==== MATERIAL SUPPLIED

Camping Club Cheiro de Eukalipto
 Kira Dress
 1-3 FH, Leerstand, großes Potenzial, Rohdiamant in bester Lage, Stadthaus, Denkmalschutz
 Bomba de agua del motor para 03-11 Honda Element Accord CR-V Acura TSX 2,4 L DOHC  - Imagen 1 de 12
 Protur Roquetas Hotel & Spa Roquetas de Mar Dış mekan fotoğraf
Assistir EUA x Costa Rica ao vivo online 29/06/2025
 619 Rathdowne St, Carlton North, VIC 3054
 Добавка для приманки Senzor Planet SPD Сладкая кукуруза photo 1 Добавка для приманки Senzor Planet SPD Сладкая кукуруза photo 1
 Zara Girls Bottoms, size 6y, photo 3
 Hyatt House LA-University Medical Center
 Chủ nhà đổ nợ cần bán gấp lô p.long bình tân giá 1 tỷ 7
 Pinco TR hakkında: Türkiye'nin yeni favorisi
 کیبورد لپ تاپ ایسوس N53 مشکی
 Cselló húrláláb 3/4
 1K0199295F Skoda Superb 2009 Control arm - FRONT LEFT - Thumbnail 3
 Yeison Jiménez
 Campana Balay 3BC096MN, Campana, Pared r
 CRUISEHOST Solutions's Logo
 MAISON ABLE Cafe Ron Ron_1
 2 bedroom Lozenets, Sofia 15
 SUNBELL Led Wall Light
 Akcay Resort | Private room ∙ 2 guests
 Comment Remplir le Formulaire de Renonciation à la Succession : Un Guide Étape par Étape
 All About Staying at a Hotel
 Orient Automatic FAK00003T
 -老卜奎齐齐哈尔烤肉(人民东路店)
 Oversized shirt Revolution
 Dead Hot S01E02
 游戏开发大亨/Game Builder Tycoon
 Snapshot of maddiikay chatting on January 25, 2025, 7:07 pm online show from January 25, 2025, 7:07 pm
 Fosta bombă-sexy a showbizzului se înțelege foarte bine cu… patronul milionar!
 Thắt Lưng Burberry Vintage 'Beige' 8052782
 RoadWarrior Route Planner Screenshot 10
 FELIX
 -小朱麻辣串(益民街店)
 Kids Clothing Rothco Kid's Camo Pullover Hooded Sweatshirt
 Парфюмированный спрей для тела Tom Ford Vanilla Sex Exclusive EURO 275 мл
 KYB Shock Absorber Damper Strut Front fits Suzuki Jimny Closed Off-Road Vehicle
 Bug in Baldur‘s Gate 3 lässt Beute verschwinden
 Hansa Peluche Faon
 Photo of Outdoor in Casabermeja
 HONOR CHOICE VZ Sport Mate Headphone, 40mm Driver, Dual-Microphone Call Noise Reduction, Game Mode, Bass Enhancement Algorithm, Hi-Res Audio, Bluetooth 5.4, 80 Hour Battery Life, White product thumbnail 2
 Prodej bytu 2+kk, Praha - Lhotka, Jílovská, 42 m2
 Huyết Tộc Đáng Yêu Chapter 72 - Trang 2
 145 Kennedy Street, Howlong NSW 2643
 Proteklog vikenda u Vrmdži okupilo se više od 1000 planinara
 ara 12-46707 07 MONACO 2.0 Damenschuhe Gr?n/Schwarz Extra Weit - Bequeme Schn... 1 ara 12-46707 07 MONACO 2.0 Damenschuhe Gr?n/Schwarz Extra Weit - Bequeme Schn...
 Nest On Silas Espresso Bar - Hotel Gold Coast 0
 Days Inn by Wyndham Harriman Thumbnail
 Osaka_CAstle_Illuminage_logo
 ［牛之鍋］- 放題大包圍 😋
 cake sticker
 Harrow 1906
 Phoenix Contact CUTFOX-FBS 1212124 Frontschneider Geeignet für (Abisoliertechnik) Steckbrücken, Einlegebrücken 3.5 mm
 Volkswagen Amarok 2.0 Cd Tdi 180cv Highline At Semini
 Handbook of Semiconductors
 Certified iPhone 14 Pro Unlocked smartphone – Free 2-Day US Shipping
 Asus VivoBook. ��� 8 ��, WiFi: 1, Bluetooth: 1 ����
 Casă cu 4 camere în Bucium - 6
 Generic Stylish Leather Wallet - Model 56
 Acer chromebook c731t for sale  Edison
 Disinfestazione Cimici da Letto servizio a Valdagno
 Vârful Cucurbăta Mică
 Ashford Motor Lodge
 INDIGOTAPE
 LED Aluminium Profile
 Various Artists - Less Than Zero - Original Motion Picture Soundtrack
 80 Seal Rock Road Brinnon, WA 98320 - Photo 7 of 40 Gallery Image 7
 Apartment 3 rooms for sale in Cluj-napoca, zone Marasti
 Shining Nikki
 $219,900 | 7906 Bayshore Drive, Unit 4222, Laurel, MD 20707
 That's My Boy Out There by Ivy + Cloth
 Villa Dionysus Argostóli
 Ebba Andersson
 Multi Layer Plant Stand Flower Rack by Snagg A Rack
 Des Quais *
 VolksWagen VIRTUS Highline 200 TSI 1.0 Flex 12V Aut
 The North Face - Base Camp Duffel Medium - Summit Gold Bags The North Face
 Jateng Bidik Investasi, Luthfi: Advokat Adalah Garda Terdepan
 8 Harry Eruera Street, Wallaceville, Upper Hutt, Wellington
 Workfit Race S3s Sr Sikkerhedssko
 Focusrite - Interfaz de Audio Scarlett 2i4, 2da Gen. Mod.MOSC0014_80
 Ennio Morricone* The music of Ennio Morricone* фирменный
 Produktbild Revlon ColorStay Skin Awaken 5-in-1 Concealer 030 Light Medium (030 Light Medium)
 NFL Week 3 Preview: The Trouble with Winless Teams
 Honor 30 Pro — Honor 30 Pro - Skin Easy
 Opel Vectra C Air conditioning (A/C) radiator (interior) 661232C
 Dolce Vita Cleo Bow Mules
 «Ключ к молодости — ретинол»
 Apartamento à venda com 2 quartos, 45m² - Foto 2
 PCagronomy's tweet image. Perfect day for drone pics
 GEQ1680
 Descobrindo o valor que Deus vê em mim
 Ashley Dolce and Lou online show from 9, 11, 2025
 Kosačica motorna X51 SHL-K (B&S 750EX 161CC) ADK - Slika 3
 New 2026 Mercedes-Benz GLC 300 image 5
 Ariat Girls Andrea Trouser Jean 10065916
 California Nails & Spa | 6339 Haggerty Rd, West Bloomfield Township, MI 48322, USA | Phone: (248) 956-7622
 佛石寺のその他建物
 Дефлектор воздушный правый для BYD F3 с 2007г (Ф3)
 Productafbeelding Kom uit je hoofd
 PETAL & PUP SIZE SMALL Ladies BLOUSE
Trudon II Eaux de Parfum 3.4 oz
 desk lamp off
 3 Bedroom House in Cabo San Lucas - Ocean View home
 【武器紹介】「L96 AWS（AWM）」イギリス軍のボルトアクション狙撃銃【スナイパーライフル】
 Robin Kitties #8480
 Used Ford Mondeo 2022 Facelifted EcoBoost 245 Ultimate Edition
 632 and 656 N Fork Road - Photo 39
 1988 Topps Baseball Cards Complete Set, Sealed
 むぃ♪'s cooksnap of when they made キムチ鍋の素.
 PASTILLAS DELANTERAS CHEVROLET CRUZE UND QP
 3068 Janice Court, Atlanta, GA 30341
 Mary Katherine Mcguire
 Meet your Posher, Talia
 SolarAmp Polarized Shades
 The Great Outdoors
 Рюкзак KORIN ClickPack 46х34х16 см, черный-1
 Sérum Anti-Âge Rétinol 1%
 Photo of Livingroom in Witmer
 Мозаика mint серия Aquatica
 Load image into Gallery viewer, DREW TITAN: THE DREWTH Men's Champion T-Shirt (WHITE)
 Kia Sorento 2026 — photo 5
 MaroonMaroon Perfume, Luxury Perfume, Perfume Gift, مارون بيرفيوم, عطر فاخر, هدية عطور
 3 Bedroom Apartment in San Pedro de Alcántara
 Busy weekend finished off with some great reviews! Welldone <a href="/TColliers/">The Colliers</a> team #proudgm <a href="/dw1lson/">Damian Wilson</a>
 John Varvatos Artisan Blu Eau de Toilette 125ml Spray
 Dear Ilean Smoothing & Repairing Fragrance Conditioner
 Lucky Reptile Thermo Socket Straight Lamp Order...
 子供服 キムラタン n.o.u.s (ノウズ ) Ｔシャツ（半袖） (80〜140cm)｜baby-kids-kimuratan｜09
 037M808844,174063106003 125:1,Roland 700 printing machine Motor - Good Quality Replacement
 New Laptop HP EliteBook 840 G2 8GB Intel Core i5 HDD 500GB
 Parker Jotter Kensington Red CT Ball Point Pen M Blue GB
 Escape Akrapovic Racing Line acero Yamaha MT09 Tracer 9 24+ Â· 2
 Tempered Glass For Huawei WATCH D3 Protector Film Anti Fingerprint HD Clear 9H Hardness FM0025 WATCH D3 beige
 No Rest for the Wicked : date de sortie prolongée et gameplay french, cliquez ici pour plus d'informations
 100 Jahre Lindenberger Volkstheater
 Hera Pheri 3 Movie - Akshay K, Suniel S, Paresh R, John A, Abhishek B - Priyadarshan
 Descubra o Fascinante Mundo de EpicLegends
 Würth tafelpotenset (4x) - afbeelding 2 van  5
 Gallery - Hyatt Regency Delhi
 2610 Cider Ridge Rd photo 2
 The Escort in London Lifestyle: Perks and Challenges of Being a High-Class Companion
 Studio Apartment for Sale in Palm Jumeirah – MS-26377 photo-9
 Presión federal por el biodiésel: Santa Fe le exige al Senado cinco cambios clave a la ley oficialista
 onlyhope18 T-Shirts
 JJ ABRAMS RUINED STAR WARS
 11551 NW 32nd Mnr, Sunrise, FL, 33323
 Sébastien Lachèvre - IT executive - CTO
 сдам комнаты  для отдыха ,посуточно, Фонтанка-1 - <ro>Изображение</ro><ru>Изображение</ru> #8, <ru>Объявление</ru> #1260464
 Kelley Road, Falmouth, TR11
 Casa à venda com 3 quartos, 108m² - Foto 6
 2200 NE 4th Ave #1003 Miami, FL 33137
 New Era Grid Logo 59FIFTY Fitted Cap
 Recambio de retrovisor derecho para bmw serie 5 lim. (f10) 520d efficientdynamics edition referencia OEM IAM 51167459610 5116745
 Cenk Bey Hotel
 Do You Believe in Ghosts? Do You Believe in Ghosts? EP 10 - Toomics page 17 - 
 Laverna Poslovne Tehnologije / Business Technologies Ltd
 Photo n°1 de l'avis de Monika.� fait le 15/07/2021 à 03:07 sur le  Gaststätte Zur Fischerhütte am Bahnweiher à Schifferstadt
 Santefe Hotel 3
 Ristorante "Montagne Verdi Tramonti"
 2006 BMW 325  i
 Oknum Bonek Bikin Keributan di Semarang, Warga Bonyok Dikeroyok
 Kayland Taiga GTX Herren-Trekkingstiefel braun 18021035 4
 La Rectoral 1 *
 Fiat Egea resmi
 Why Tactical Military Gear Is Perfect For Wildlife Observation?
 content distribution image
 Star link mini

========

ACTION ITEM: Taking the entries above, print exactly the lines starting at the line with "Studio Apartment for" and ending at the line with "Sébastien Lachèvre - IT executive - CTO", both included.

ANSWER TO THIS TASK:
 Studio Apartment for Sale in Palm Jumeirah – MS-26377 photo-9
 Presión federal por el biodiésel: Santa Fe le exige al Senado cinco cambios clave a la ley oficialista
 onlyhope18 T-Shirts
 JJ ABRAMS RUINED STAR WARS
 11551 NW 32nd Mnr, Sunrise, FL, 33323
 Sébastien Lachèvre - IT executive - CTO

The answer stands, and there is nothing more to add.